I'm away again, at a conference for work at Myrtle Beach, at a resort where the rooms all have ocean views, and it's so serene, when I called Jim tonight I asked him to think about us coming here for a weekend, or even just overnight, just to watch and hear the ocean. With off season rates, we can do more than we could during the summer, so I'll take him any place he's willing to go!

Maryisme, I'm so sorry about your dad having had this too, and it's sad that he didn't get to meet his second grandchild. Thanks for the kind words, everyone; I'm here for all of you, too - my shoulders are broad enough for all of us! I love Jim deeply but I treat everyone as I would want to be treated (except people who stress me out; I pretend they don't exist).

I'm learning that life's easier when you share the pain (to those who are willing) as well as the laughter. One of the conference speakers today spoke on coping with stress (he also did magic as part of his program - we learned how to take off peoples' watches without them realizing it). He prescribes three things for coping; exercise, laughter (thus the magic tricks and jokes he told), and letting things (that stress us) go. Bend like a palm tree, don't break like an inflexible trunk (can't remember what trees break easily). It makes so much sense!
__________________
When life gets tough, we go to WDW!!
1991 - CBR ; 1995, '99, 2004 - Off site
2005 - July 3 - 6 off site, 7 - 10 POFQ
2006 - 3 trips this year - all Disney'd out for now.

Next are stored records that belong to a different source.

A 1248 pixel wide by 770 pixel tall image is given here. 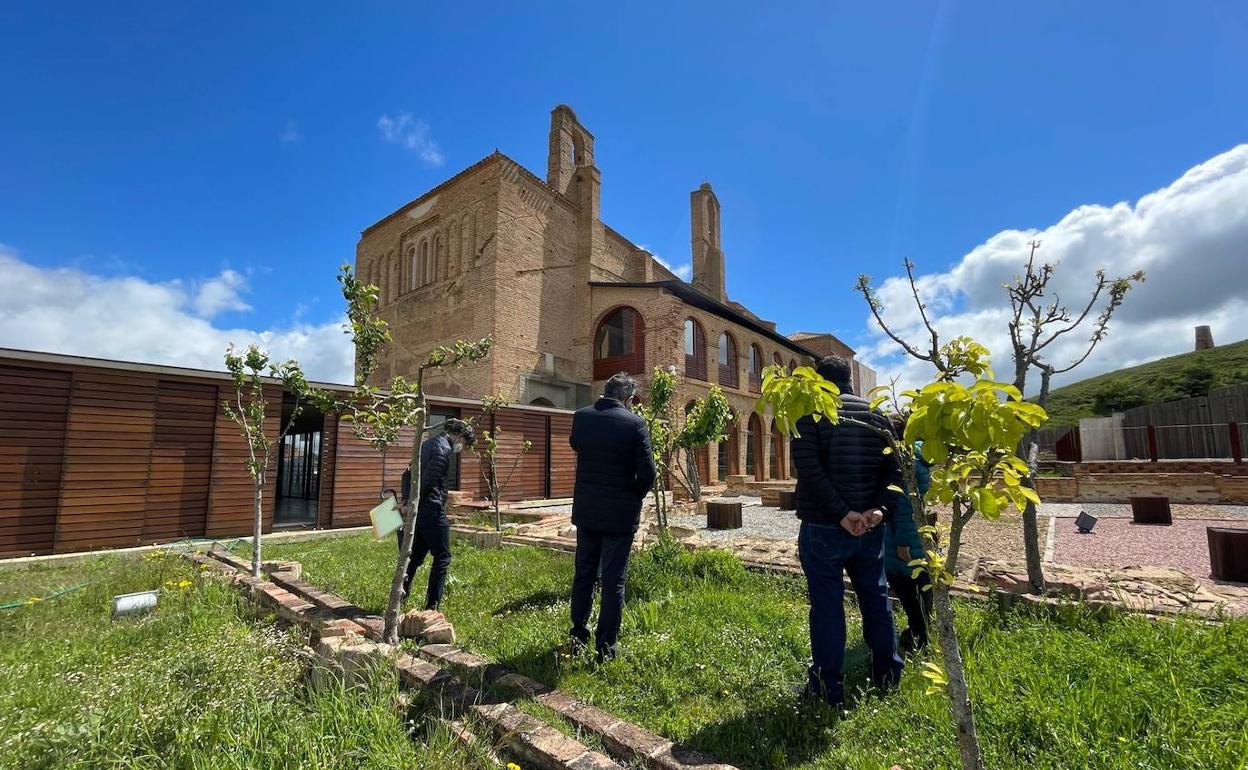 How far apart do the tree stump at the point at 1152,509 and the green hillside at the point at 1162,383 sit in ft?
91.4

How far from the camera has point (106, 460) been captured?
9102 mm

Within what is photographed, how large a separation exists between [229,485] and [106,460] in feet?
5.96

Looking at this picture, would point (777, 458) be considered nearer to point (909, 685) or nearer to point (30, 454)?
point (909, 685)

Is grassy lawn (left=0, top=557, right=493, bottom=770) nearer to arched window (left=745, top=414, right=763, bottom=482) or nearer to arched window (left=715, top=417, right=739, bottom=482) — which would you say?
arched window (left=715, top=417, right=739, bottom=482)

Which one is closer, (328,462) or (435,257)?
(328,462)

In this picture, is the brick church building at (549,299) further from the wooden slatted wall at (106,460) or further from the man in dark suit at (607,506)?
the man in dark suit at (607,506)

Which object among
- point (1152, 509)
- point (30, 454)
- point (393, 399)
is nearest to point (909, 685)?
point (393, 399)

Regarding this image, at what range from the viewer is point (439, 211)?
2375 centimetres

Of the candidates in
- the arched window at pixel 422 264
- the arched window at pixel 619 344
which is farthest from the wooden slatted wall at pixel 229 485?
the arched window at pixel 422 264

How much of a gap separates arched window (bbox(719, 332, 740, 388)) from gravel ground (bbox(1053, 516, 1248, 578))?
1539 centimetres

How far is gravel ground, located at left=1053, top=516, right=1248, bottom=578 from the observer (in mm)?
6812

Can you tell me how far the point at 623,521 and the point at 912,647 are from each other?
2086mm

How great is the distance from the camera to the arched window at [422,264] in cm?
2448

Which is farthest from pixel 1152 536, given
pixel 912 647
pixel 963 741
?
pixel 963 741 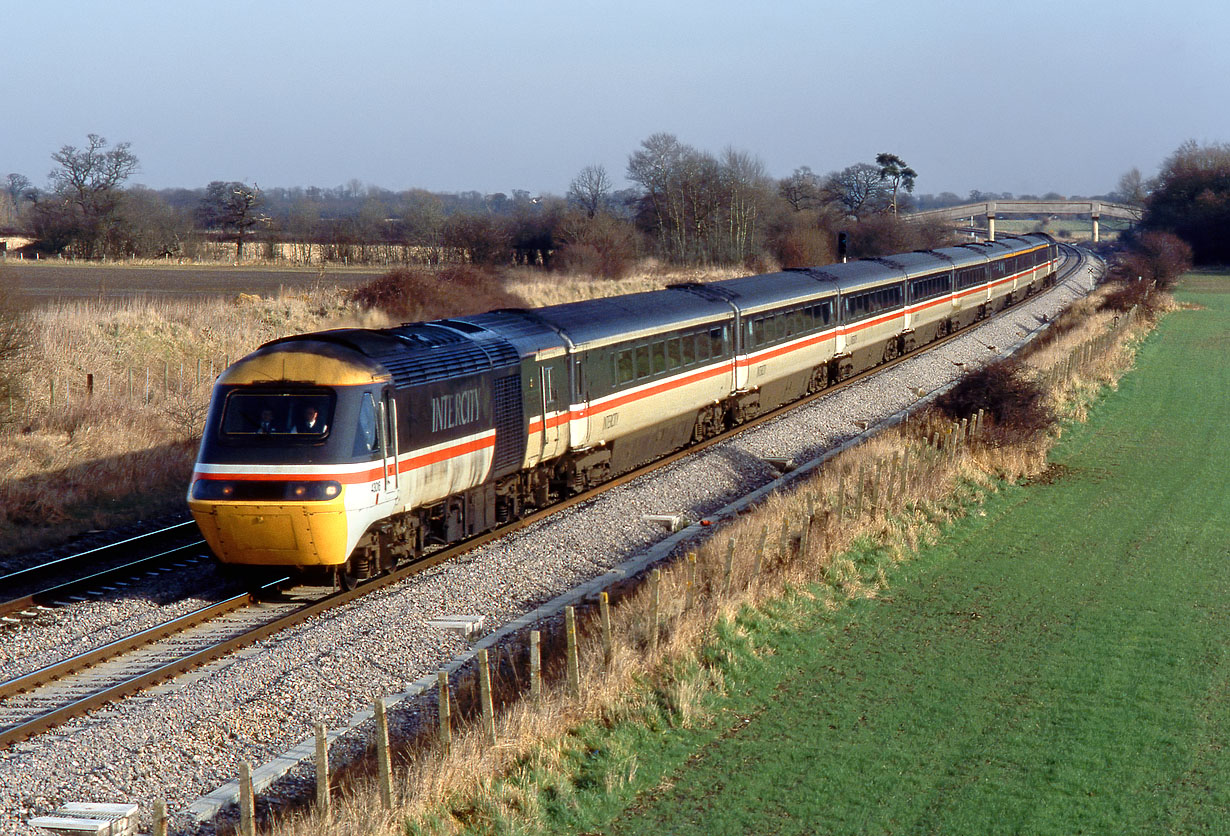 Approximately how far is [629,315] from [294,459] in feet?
30.6

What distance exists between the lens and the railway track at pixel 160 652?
10258 millimetres

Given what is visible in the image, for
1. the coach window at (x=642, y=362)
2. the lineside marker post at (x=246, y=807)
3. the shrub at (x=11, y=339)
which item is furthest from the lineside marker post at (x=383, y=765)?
the shrub at (x=11, y=339)

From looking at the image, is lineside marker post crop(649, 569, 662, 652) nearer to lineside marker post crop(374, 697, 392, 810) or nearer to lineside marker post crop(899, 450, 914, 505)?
lineside marker post crop(374, 697, 392, 810)

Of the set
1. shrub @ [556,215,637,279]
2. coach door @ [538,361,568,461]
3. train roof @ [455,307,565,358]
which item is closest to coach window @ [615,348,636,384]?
train roof @ [455,307,565,358]

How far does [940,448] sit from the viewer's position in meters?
22.5

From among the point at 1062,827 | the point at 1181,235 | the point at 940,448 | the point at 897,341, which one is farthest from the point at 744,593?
the point at 1181,235

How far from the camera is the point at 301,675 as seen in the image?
35.2 ft

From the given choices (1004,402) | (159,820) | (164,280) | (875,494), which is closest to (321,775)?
(159,820)

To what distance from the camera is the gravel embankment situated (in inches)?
345

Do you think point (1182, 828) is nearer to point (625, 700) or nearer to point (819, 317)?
point (625, 700)

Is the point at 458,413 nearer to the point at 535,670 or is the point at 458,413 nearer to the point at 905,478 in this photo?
the point at 535,670

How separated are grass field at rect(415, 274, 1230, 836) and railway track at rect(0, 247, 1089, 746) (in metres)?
4.09

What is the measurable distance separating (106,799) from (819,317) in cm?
2349

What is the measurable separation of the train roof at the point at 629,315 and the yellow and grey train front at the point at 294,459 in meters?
5.87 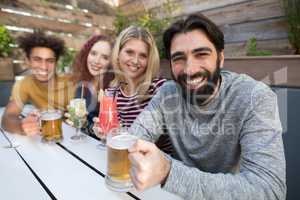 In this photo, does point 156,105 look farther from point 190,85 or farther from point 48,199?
point 48,199

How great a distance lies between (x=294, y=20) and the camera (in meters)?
1.62

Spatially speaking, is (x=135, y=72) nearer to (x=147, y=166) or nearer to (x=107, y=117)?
(x=107, y=117)

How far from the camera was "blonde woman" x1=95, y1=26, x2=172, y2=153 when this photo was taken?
1607mm

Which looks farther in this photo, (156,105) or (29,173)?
(156,105)

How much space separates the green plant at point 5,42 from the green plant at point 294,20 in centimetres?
262

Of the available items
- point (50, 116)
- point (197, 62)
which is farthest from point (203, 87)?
point (50, 116)

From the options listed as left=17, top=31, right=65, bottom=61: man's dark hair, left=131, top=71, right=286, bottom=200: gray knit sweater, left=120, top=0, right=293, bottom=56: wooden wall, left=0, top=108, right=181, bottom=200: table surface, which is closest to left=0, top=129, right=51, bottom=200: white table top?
left=0, top=108, right=181, bottom=200: table surface

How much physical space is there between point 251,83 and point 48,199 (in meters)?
0.81

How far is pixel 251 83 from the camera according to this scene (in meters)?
0.95

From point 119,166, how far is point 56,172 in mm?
289

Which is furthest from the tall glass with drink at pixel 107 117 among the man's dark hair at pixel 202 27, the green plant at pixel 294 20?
the green plant at pixel 294 20

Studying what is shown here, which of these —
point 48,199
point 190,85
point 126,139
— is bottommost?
point 48,199

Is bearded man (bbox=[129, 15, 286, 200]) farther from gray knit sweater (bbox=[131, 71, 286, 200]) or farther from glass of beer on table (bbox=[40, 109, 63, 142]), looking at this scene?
glass of beer on table (bbox=[40, 109, 63, 142])

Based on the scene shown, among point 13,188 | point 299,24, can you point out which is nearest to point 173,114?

2007 - another wonderful week at WDW (off site)
2008 - the saddest year of my life - DH has ALS; AKL for his final trip.
2009 - DH passed on 1/3 - "memory trip" 3/5 - 3/9 with his daughter.
Memory trip 6/28 - 7/4 POFQ - first solo trip, a little rough
F & W Festival trip - 9/24 - 9/29 with sister-in-law - AKL
2010 - 6/19-25, DTD hotel - carried DH in my heart, had a lovely trip!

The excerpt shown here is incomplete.